Being former Vermonters, we are inclined to believe in perennial traditions such as late winter harvesting of maple sap, April snowfall, and the fall county fair. Where in more urbane settings the county fair might be considered a hokey and archaic gathering of yokels and hooligans, Vermonters know that the county fair is one of those places where you can count on meeting your friends and seeing their children proudly displaying the heifers they raised from calves. Rather than being an opportunity to eat fried Twinkies and shop for hot tubs, the Vermont county fair is an occasion for adults to exchange sociable greetings between the display of New Holland tractors and the 4-H tent.
For kids, the attractions are more basic. Sugary sweets (cotton candy, funnel cakes, flavored ice) and rides that spin your head off are the reason to go. We adults pretend to tolerate this because we want our children to grow up to appreciate the finer aspects of the county fair later, but in reality we still wish to recapture the simple thrill of the midway and its colored lights, barkers, and rigged games as remember them from our own childhoods. By holding the hand of an excited child tugging our way to the Tilt-A-Whirl, we can at least touch the memory briefly.
So once in a while, we take Emma to the county fair. Here in Arizona, the season is upside down in an attempt to beat the heat, with the Pima County Fair happening in April rather than the traditional northern schedule of August or early September. This disconcerts us a bit, because we associate the fair with the coming of pick-your-own apple season, and the quickening of chill in the evenings. The ground should be damp from the last of the summer thunderstorms, and hearts should be bittersweet with the knowledge that the preponderance of summer is gone but a last thrill awaits.
Dusty air and a sense of intense sun are the hallmarks of an Arizona county fair; after all, the heat of summer is just around the corner. In a month we will hit 100 degrees for the first time and, as they say locally, the ice will melt in the Santa Cruz River. (That is definitely a tongue-in-cheek statement, since the Santa Cruz bears no surface water for much of its length and ice is only found in drinks around here.) So here the County Fair represents the impending turn of seasons, as snowbirds flee and Arizonans call for their annual air conditioning checkups.
County fairs come in all sizes and persuasions, from the tiny Stalwart County Fair (Michigan) that features agricultural exhibits and not much else, to the extra-large events in major urban areas that are primarily a mix of rock concert venue and carnival.

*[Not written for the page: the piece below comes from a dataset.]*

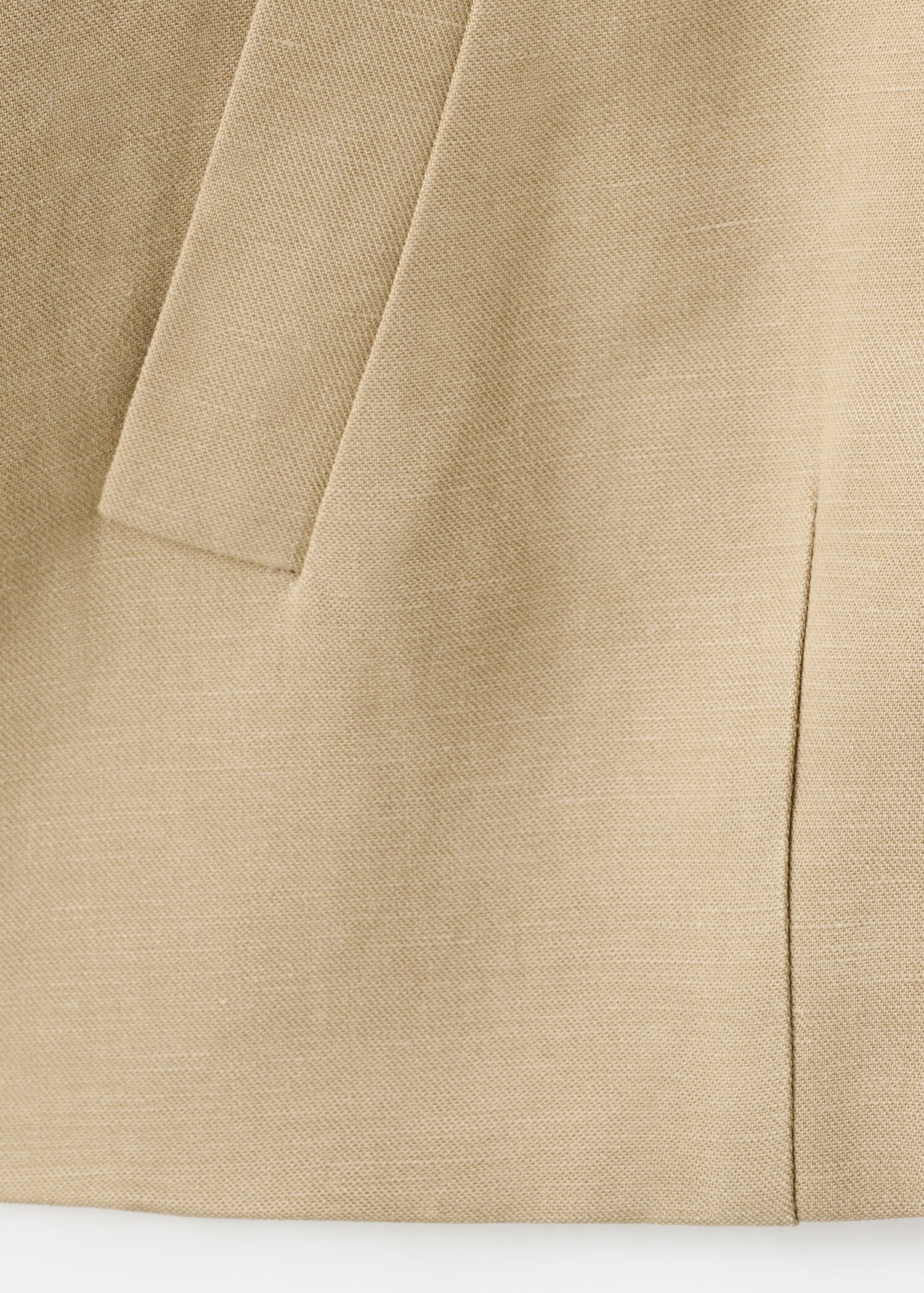 Veste lin col officier - Détail de l'article 0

A nearly-universal attraction of modern fairs, however, are the rides: slides, coasters/flumes, spinners, and drops are the basic tools of the amusement park ride developer, and once in a while you can mix up a few elements to come up with something like the “Disk-O” (above). There is little that can be called new, but then love is nothing new and yet people still practice it.

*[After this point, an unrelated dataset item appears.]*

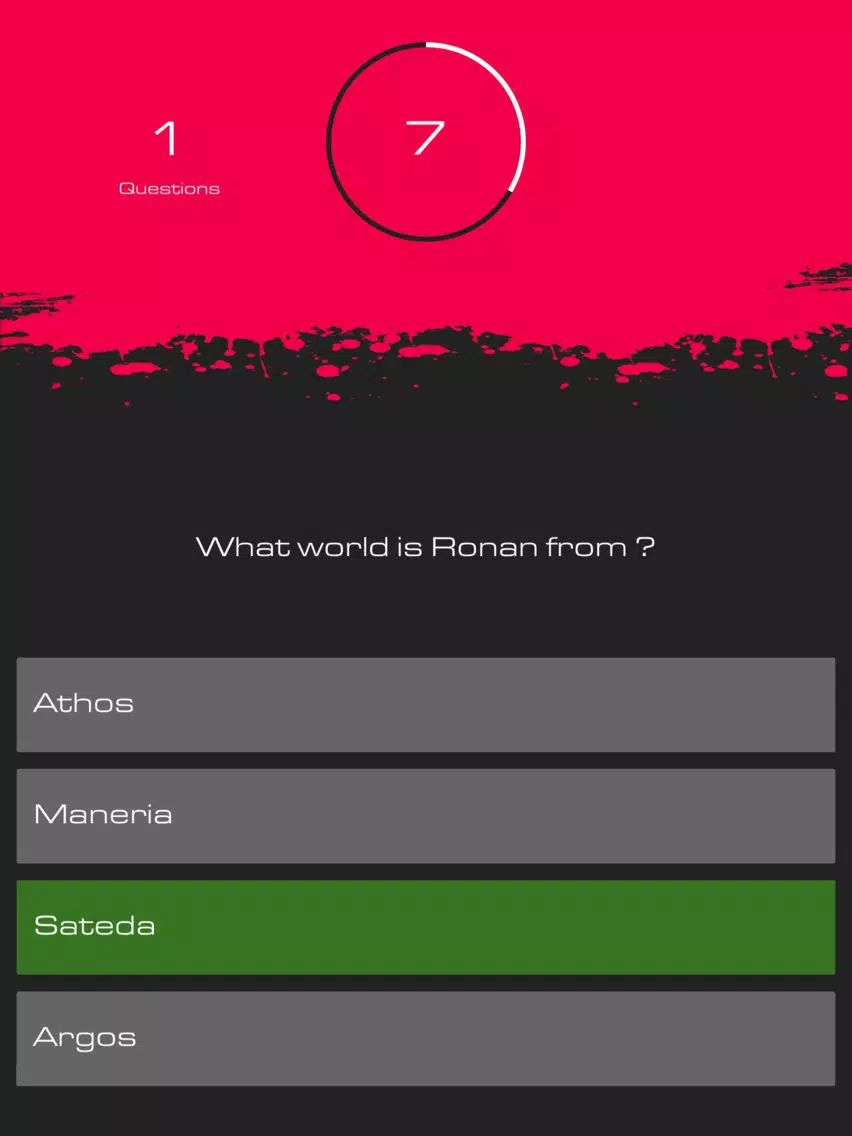 Quiz for Stargate SyFy TV Show iPad  स्क्रीनशॉट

In the section of the park that is oriented to big kids and childish adults, the rides are almost always the same as I remember from my childhood but with louder music and stranger airbrushed graphics. The spinning “Himalayan” that Emma loves is called the “Rave” here, and it features a giant King Neptune as disk jockey wearing sunglasses and an audio headset. On a nearby ride I see airbrush art of clowns bearing machine guns. Nothing makes sense but it all somehow fits in an absurd, Alice-In-Wonderland sort of way.
The aluminum handrails of the “Moscow Circus” are sticky with thousands of hands that have recently been handling greasy corn dogs, gooey nachos slathered in cheese, pizza slices, turkey legs, funnel cakes, and deep-fried Snickers bars. I think about handwashing or applying Purell, Emma thinks, “Let’s go again!” — and the adult part of me fades away, the child wins out, and we go again, and then find another ride until the sun has long been behind us and the lights of the fair have come on to create a new world that bears exploring yet again. You can’t compete with that sort of magic, and pretending it isn’t there is a very “adult” thing to do, which in kid-speak means stupid. Just let it wash over you, because escapism is something most of us don’t practice often enough.
I think the best aspect of the county fair is its transience. It happens only a few days each year, and then it slinks away on trucks to find a home elsewhere. You have to participate when it is ready, like eating a chocolate chip cookie hot out of the oven. Wait a little while and the little chips aren’t melted anymore. Wait a few days, and they’re gone. This small window of opportunity forces you to rise up out whatever doldrum you may be feeling and taste the experience at its very peak, which is a good lesson for all of us. Life doesn’t wait, any more than the county fair does.